Build binary RPM (this is performed twice, once for each platform).
Deploy to YUM repository.
My strategy for solving build requirements involves splitting the common work into parameterized jobs that can be reused across projects and branches, with each job representing one stage in the pipeline. Each stage is triggered with parameters, and build artifacts passed along to the next job in the pipeline. However, I'm having some trouble with this strategy, and could really use some tips on how to go about solving this problem in the most elegant and flexible way possible.
To be more specific, there are two common libraries, which are shared by other projects (but not all projects). The libraries are built differently from the dependent projects, but it should not be necessary to specify in Jenkins what the dependent projects are.
There are multiple branches, the master branch (rebuilt nightly), the develop branch (polled for changes), feature branches (also polled), and release branches (polled, but built for release). The branches are built the same way across multiple projects.
We create multiple repositories every month, and whilst it is feasible to expect a little setup for a new project, generally we want this to be as simple and automated as possible.
The Problems
I have many projects with multiple branches, and I do not wish to build all branches or even all projects in the same way. Because most of the build steps are similar I can turn these common steps into parameterized build jobs, and get each job to trigger the next in the chain, passing parameters and build artifacts along the chain. However, this falls apart if one of the steps needs to be skipped, because I don't know of a way to conditionally skip a build step. This implies I would need to copy the build jobs so that I can customise them for each pipeline, resulting in a very large number of build jobs. I could use a combination of plugins to create a job generator (eg. dsl flow, dsl job, etc), and hide as much as possible from the users, but what's the most elegant Jenkins solution to this? Are there any plugins, or examples that I might have missed? What's your experience of doing this?
Because step 2 can be split into two jobs that can be run in parallel, this introduces a complexity that is causing me problems with my pipeline.
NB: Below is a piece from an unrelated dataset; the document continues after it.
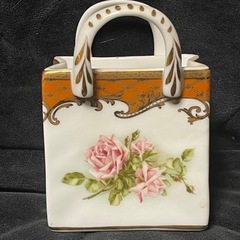 バッグ型 置物 陶器　小物入れ　一輪挿し　薔薇柄　FINE PO...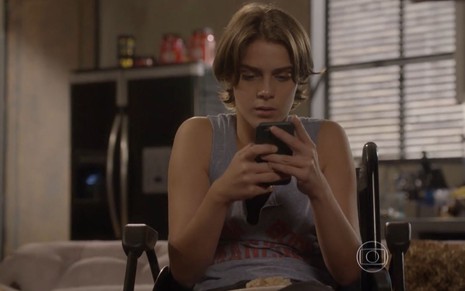 Isabella Santoni grava cena mexendo em celular, como Karina em Malhação Sonhos, da Globo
My first attempt would trigger a parameterized build job twice with different parameters, and then join the jobs afterwards using the join plugin, but it was beginning to look like it would be complicated to copy in the build artifacts from the two upstream jobs. This is significant, because I need the build artifacts from both jobs for stage 3. What's the most elegant solution to join parallel jobs and copy artifacts from them all? Are there any examples that I might have missed?
I need to combine test results generated from both of the jobs in stage 2, and copy them to the job that triggers the build. What's the best way to handle this?
I'm happy to read articles, presentations, technical articles, reference documentation, write scripts and whatever else necessary to make this work nicely, but I'm not a Jenkins expert. If anyone can give me some advice on these 3 problems then that would be helpful. Additionally, I would appreciate any constructive advice on how to get the best out of pipeline CI builds in Jenkins, if relevant.
For the first point, the Job Generator plugin I wrote has been developed to address this use case. You can find more info on the wiki page of Job Generator.
There is also the same type of plugin with a different approach (job generator as a build step), it is called Jobcopy Builder.
The other approaches you mentioned require some kind of DSL and can be a good choice too.